NextBigWhat asked our Pradeep Kumar, AVP – Delivery (Consumer Mobility) to share his thoughts regarding the Apple Watch from a developer’s perspective and asked questions on these broad topics: (a) Will people see value in the Apple Watch? (b) Why did Apple retain the hardware and functionality across all the variants? (c) Will we see apps specifically built for high-end variants of the Apple Watch?.
Pradeep expanded on these and related topics in an article. Excerpts:
Value For Money Is Not About A Cheap Price Tag
‘Value for money’ is a term that is common in marketing circles and is usually used to connote a product, which is priced inexpensively, but with some great many features. In my view, it is incorrect to assume that a premium-priced product is ‘poor value’ because of its price tag and vice versa. It all depends on the market segment and target audience a brand is catering to. I am sure a Mercedes Benz owner sees great value for the price he/she has paid for the car. Also every product category has tiers and there is a market for every kind of offering. Take hotels for example – there are luxury hotels, mid-priced hotels, business hotels, lodges and so on – each catering to a different need.
Apple has always focused on the premium end of any product category they have entered into and cater to an audience who do not mind paying extra for a product or service.

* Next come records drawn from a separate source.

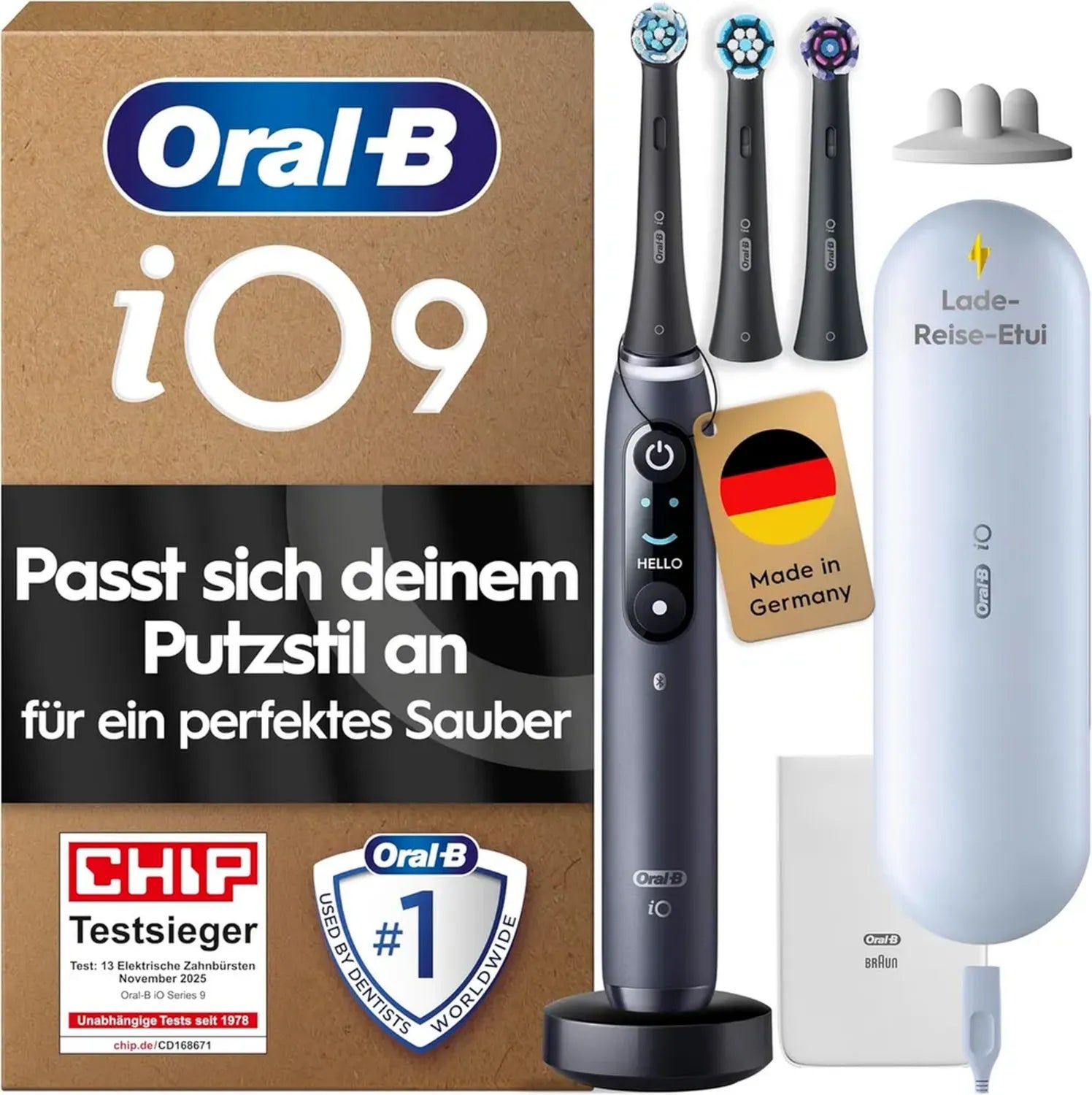 Oral-B iO Series 9 Elektrische Zahnbürste mit 3 Bürstenköpfen und 7 Pflege-Modi, Testsieger, Schwarz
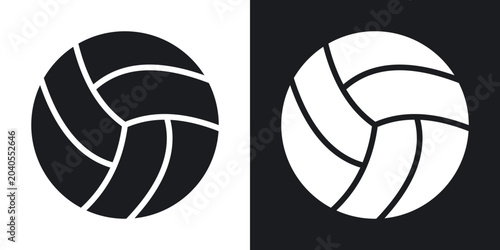 Foto Volleyball ball icons in solid black and white collection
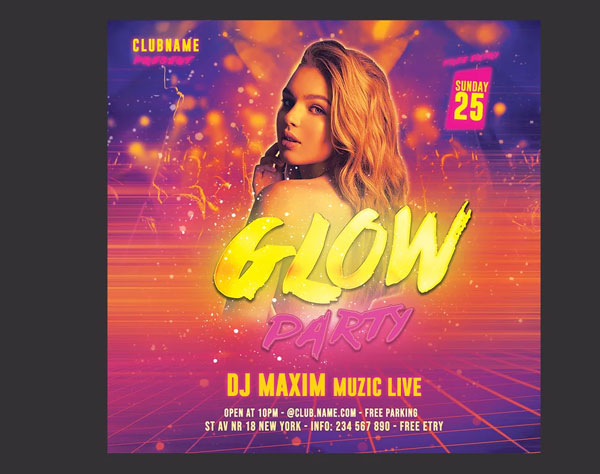 Simple Glow Party Flyer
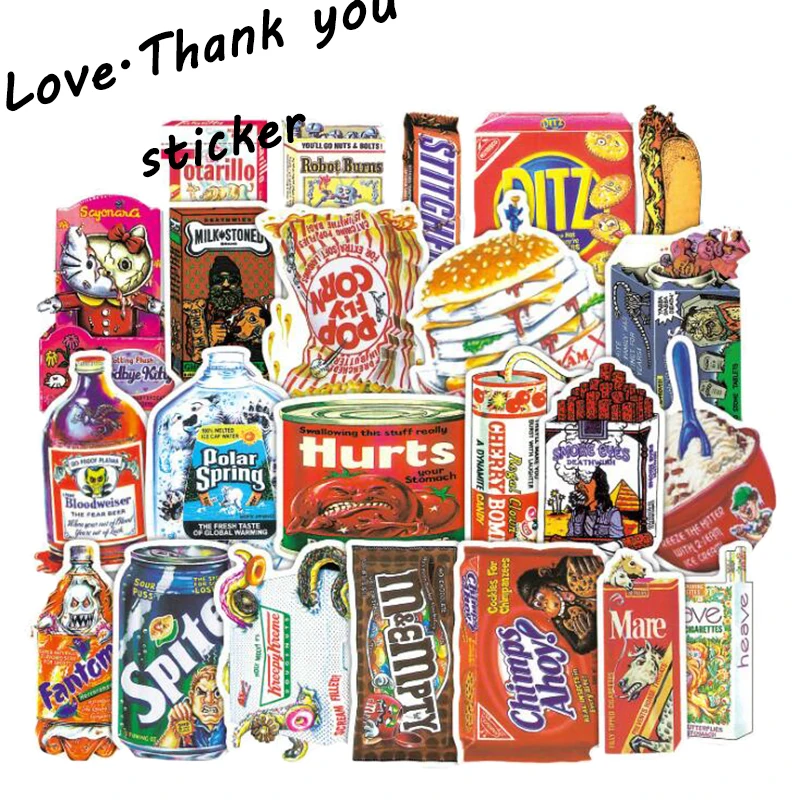 38 Pcs Kuso Originality Retro Food Kids Toy Stickers for DIY Laptop Phone Luggage Skateboard Moto Bike Guitar Bedroom Stickers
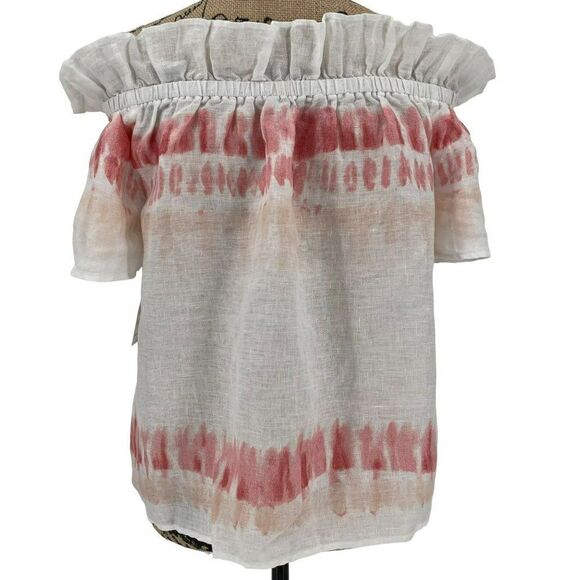 INC International Concepts Off The Shoulder Top 100% Linen Pink White Large - Picture 3 of 10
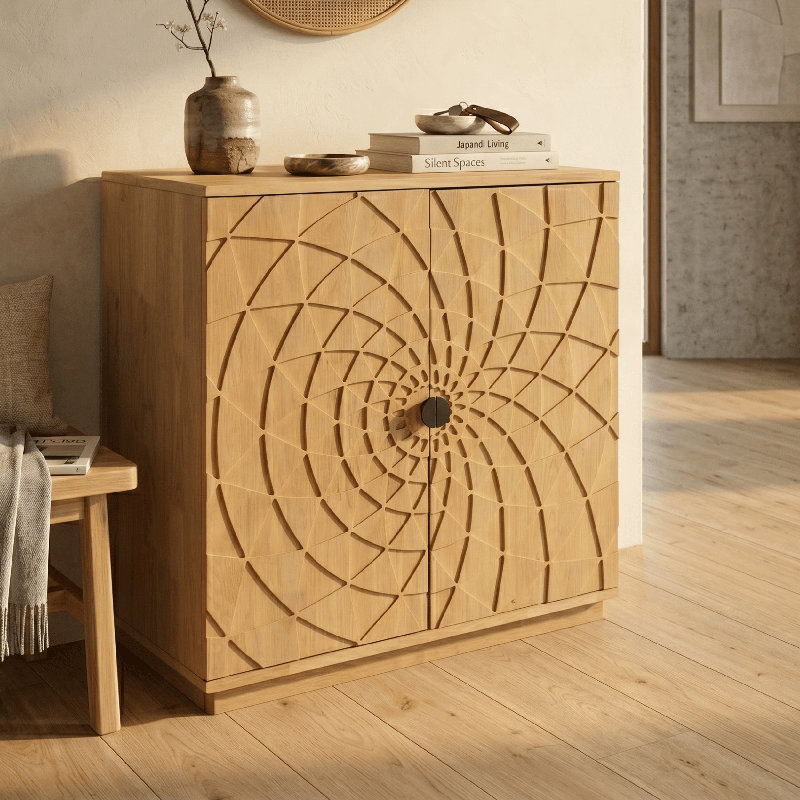 NTC BLOOM 2-Door Storage Cabinet, Solid Wood Designer Accent Cabinet with Hand-Carved Geometric Pattern Doors, Modular & Expandable Storage System for Living Room, Sand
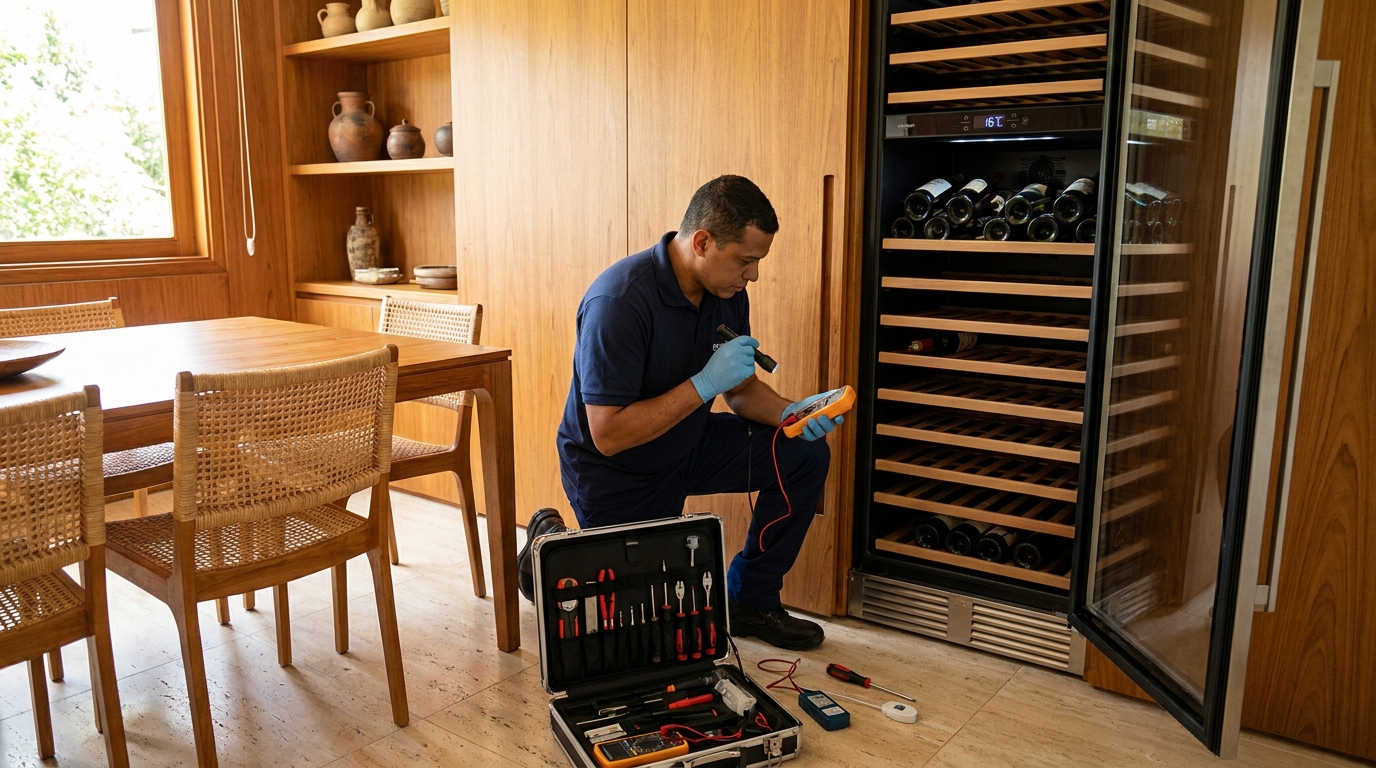 Substituição do termostato de uma adega climatizada em Contagem‑MG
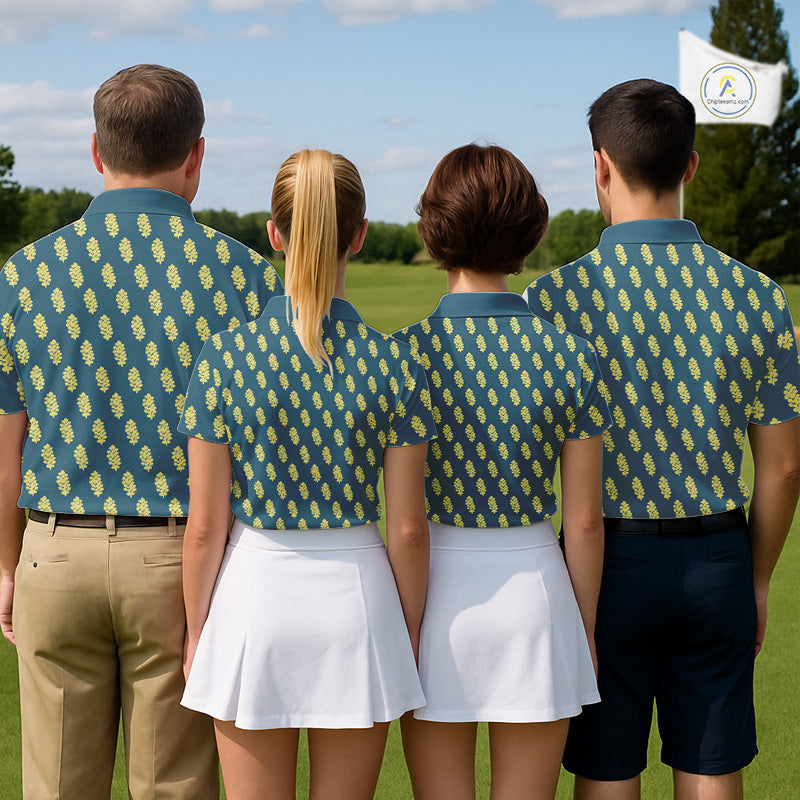 Teal Golf Polo Shirt With Flower Pattern – Lightweight Performance Polo For Men NHT782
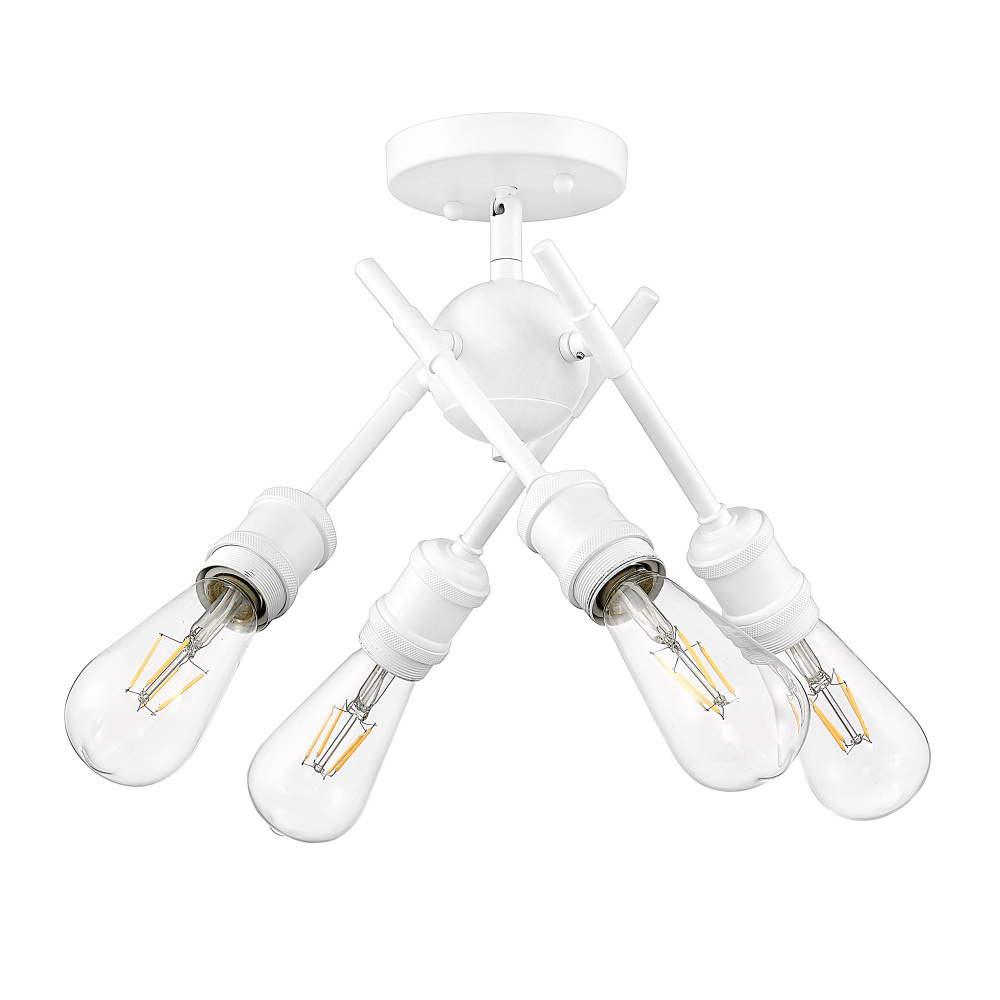 Wry Lighting Axel 4-light Semi-Flush Mount in Matte White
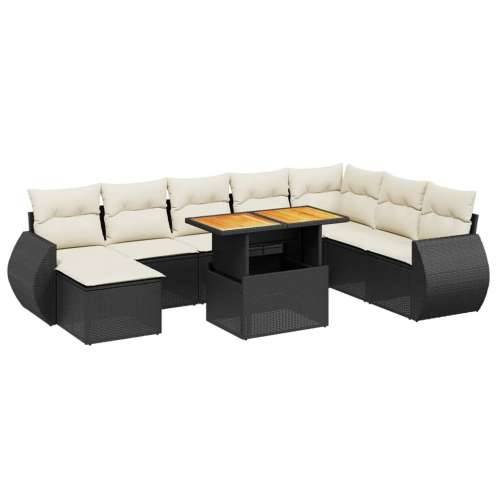 Vrtna garnitura - 9-dijelni set vrtnih sofa s jastucima crni od poliratana - Crna i krem bez spremišta 1 Cijena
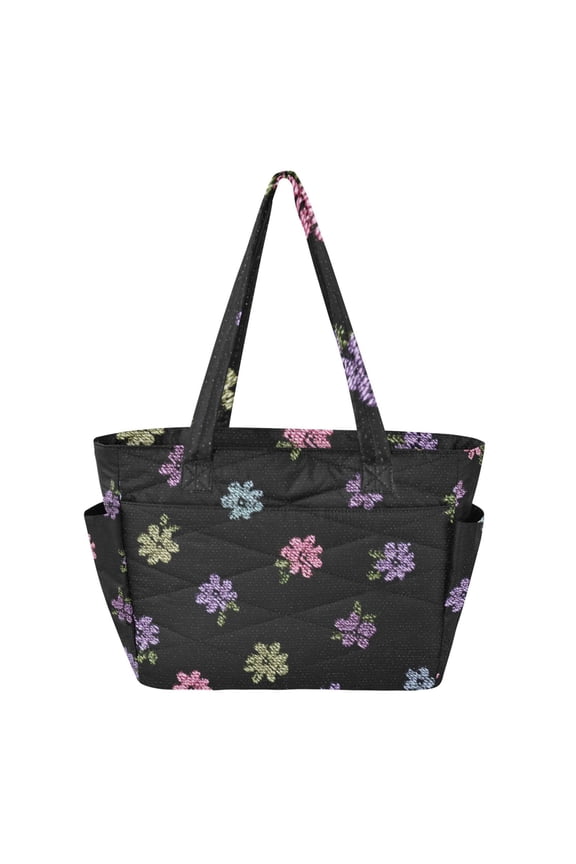 Hand Sewn Cute Small Flowers Women's Quilted Tote HandBag Beach Bag Shoulder Bag with Luggage Strap 18L for Commute Gym Travel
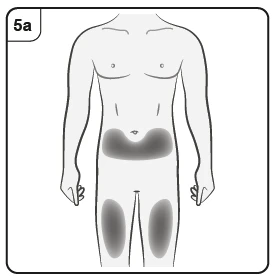 Diagrama del cuerpo humano masculino con áreas oscuras que indican las zonas de aplicación en la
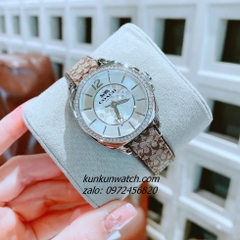 Đồng Hồ Nữ Coach Boyfriend Signature 14502415 Silver Dây Da Đính Đá 34mm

What they get in return is a product of great quality, design and a premium experience across touch points. I think Apple Watch is consistent with that product philosophy. Apple Watch is another step to lock in customers to the Apple experience across devices – as it works only with the latest generation iPhones.
Image source: Apple
As app developers, we are conscious of the fact that any app experience has to match the sleekness of the Apple brand and has to offer a delightful customer experience. A shoddily designed app (and I don’t mean just the looks) runs contra to the premium, smooth experience of the Apple brand. That’s what we expect of premium brand’s right – everything from the website to packaging to the customer service call has to be of ‘one voice’.